Visionary belief: All understanding begins as an act of imagination, corresponding to the idea of intellectus in medieval philosophy, and the concept of divergent intelligence in contemporary psychology. Though ultimately constrained by the most rigid of rules, even in mathematics all conjecture and definition begins as an act of metaphor or metonymy (see Filosofia e Matematica by Carlo Cellucci). How we choose between visions depends upon the domain, and these domains can be roughly organized by how formalized and externalized these choices have become. In programming, the rules have taken physical manifestation in the form of the computer, and the validity of a program is determined by how it rides the rails of that machine. At the other extreme is poetry, where the reading of a work at a particular time by a particular reader is its proof or disproof. A visionary might like to command the world with the power of her vision, but a vision is a system of figures, and like all rhetoric, it is as likely to lead us as we are to lead with it. If language is a mobile army of metaphors, it is one no human can truly command.

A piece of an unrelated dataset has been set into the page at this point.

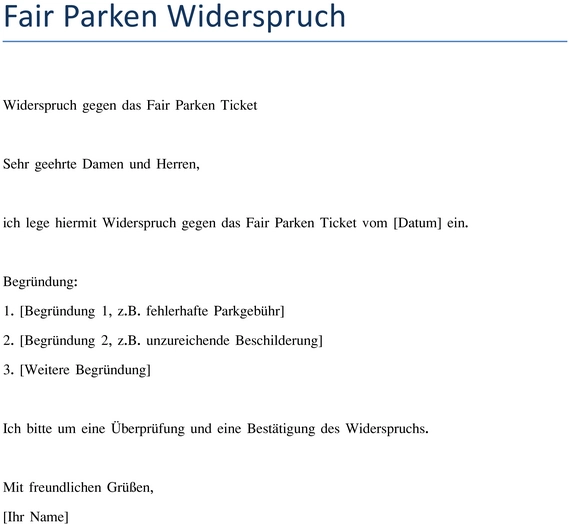 widerspruch-fair-parken-ticket-vorlage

Minimalist belief: Corresponding to the idea of ratio in medieval philosophy, the minimalist is a skeptic who accepts the least amount needed to survive. Minimalism holds on to Occam’s razor or any of its variants. In epistemology, it has converged upon science. In morality, it tends toward some form of utilitarianism. Its most precise manifestation is as Computational Statistics, where we see clearly the inevitability of our dependence on assumptions – how do we decide whether a model is more or less complex? Minimalism consumes vision, and too often we dismiss vision that isn’t of immediate use to minimalism as being of no use at all. This is especially true today, when we are drunk on the recent and important successes of science. With minimalism, we maximize are ability to anticipate the world, and therefore are ability fulfill desire. But our desires will be quite bland if accurate predictions is all we let our imaginations keep. Even if one does believe that ultimately the only valid form of belief is minimalist, the history of science demonstrates that the most radical progress in science has often relied on beliefs that were for decades, centuries, or millennia not empirically grounded but mere speculation – mere vision. Perhaps the most disconcerting for such dogmatists is the cascade of influences that leaves Bacon and Descartes in Homer’s debt. Anyone dedicated to the long-term success of science must be committed to the present endorsement of non-scientific beliefs.

Pluralistic belief: If minimalism is a kind of intersection operator, then pluralism is a union operator. The pluralist struggles to make our diversity of beliefs mutually intelligible and appreciable. The constant danger is that the possibility for authentic experiences of different beliefs will disappear when they come in contact with each other, and more frightening still, we won’t even realize this has happened. Some (like Richard Rorty) believe this necessarily will happen; vocabularies are either identical or incompatible. I’m far more optimistic, and that is precisely the position I’m trying to argue against. Pluralism is what all historians and critics must fight for. To the extent that there is an allegiance to a particular vision, the critic’s work is reduced to propaganda or mimesis. In the Common Era, what wonderful cultural innovation has come about by the constant variety of attempts to synthesis different aspects of the very different Greek and Hebrew traditions. And again, a pluralistic attitude is often what a science needs to progress, as when a problem is ultimately resolved not by choosing between two competing models but discovering some way of framing them in a compatible way.

If we’re convinced of the importance of a diversity of beliefs, the question that remains is what should our attitude be toward someone who disagrees with us. Among our many options are friendly competition, moral outrage, and avoidance. The answer will depend on the domain and our objectives. Certainly (certainly), we will need to begin from a basic set of universal ethical principles in order for culture to thrive. This is analogous to certain constants in the environment of all life forms – the same earth going around the same sun in the same way, year after year.